Persistence is an invaluable trait for car guys. From finding parts to getting the car always desired, the unstoppable drive to succeed can give Bow Tie addicts that extra surge of adrenaline to see things through to a positive conclusion.
Cameron Merrill watched his neighbor revamp a '65 Chevelle convertible shell (said neighbor was a Painless Dent Removal specialist), and was impressed with the fine restoration job performed on the paint, body and interior. The horrifying moment came when the neighbor bolted on an air suspension and tiny wheels to make the ragtop a lowrider. With a mundane 350 for power, the Chevelle had become a low-altitude cruiser. But Cameron still wanted to buy it, even with its ground-scraping stance. He waited patiently for the opportunity to be the car's next owner.
Fast forward four years, and Cameron's neighbor was in the hellish nightmare of marital disharmony and disolvement. A need for cash put the guy in a spot, and the Chevelle had to be sacrificed. Cameron gladly handed over the money for the ragtop's pink slip and quickly began rebuilding the car into a true muscle car. The hydraulics came off at blazing speed, with Global West hardware being bolted on to the A-body chassis. With better handling arose a need for more power, so the pedestrian 350 and slush box were yanked in favor of a thumpin' 383 stroker backed by a Tremec TKO five-speed. After that, it was nothing but tire smoking excitement and driving for Cameron and his '65.

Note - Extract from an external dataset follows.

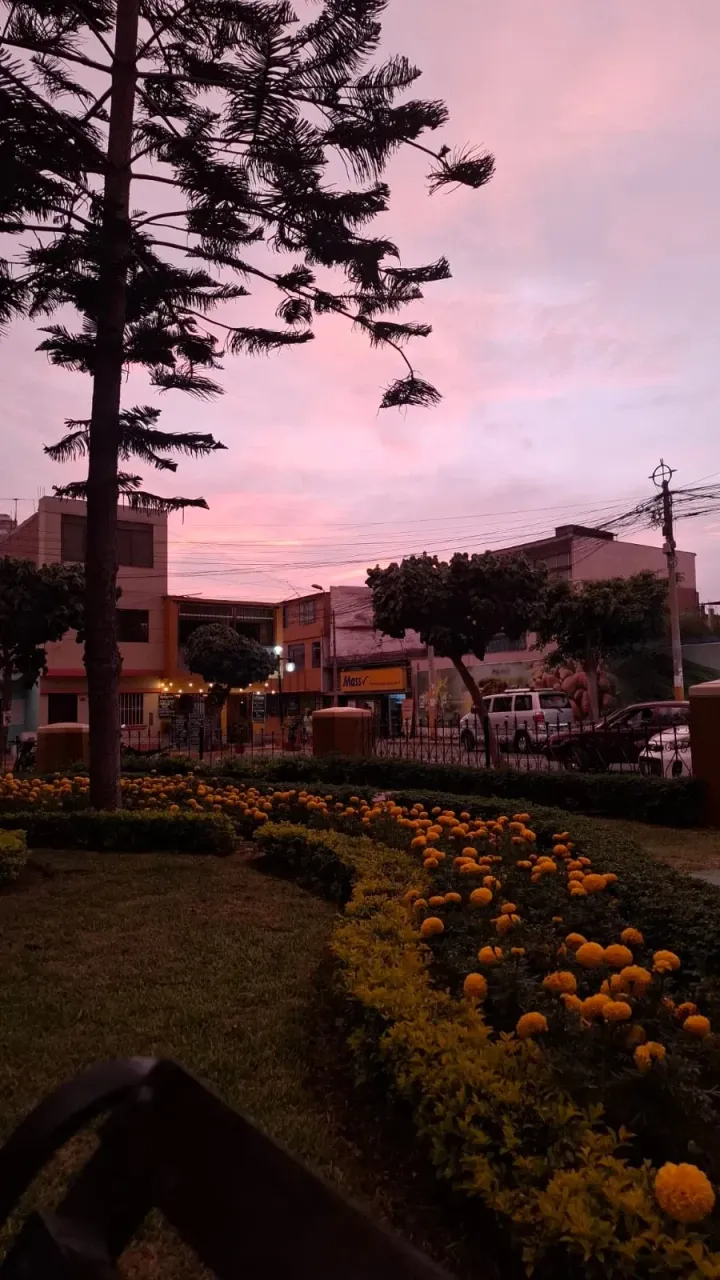XKa1hfWI73DdsJrp_WhatsApp_Image_2025-06-07_at_4.16.01_PM.webp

Driver's Impression-On the Autocross Course
I'm such a sucker for a red car, and have no problems admitting it. Global West's gorgeous '65 Chevelle convertible had me from "Hello" when I threw the top down, revved up the 383, slammed the TKO-600 into several gears, and it powered me down the autocross course with gifts of balance, elegance, and grace. The grin meter was on overload for this test, and proved once again that my job is pretty cool.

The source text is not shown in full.